Start of Material for this exercise
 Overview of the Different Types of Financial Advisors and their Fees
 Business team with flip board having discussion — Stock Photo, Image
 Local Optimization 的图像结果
End of Material for this exercise
Start of Material for this exercise
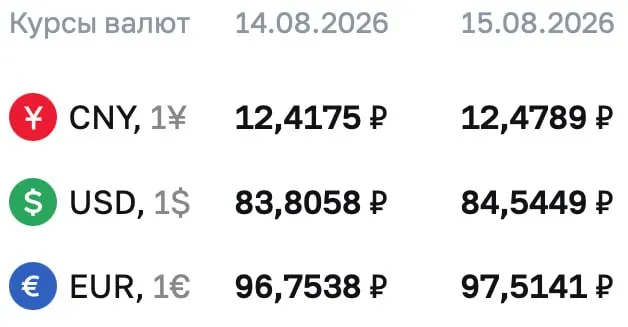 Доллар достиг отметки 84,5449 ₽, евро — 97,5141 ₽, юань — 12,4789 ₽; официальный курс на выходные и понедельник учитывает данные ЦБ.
End of Material for this exercise
#### [Exercise requirements]
In the listing above, find the line containing "Overview of the" and the line containing "Local Optimization 的图像结果". Output them and every line between, exactly, and nothing else.

#### [Reply]
 Overview of the Different Types of Financial Advisors and their Fees
 Business team with flip board having discussion — Stock Photo, Image
 Local Optimization 的图像结果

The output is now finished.